How To Set Up a Hadoop 3.2.1 Multi-Node Cluster on Ubuntu 18.04 (2 Nodes)

João Torres
8 min readFeb 3, 2020

--

To start: What is Hadoop?

Apache Hadoop is a collection of open-source software utilities that allows the distribution of larges amounts of data sets across clusters of computers using simple programing models.

It provides a software framework for distributed storage and the processing of big data using the MapReduce.
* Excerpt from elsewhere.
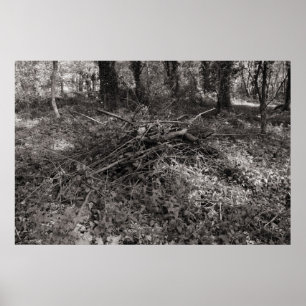 Poster Pilha das varas - aqueça preto e branco tonificad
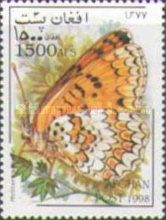 Knapweed Fritillary (Melitaea phoebe)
It was originally design for computer clusters (“is a set of tightly connected computers that work together, so they can be viewed as a single system”) commodity hardware, it has also found use on cluster of higher-end hardware.

The base Apache Hadoop framework is composed of the following modules:

  • Hadoop Common contains libraries and utilities needed by other Hadoop modules;
  • Hadoop Distributed File System (HDFS)a distributed file-system that stores data on commodity machines, providing very high aggregate bandwidth across the cluster;
  • Hadoop YARN(introduced in 2012) a platform responsible for managing computing resources in clusters and using them for scheduling users’ applications;
  • Hadoop MapReducean implementation of the MapReduce programming model for large-scale data processing.

Pre-requirements

  • Ubuntu 18.04 installed on a virtual machine.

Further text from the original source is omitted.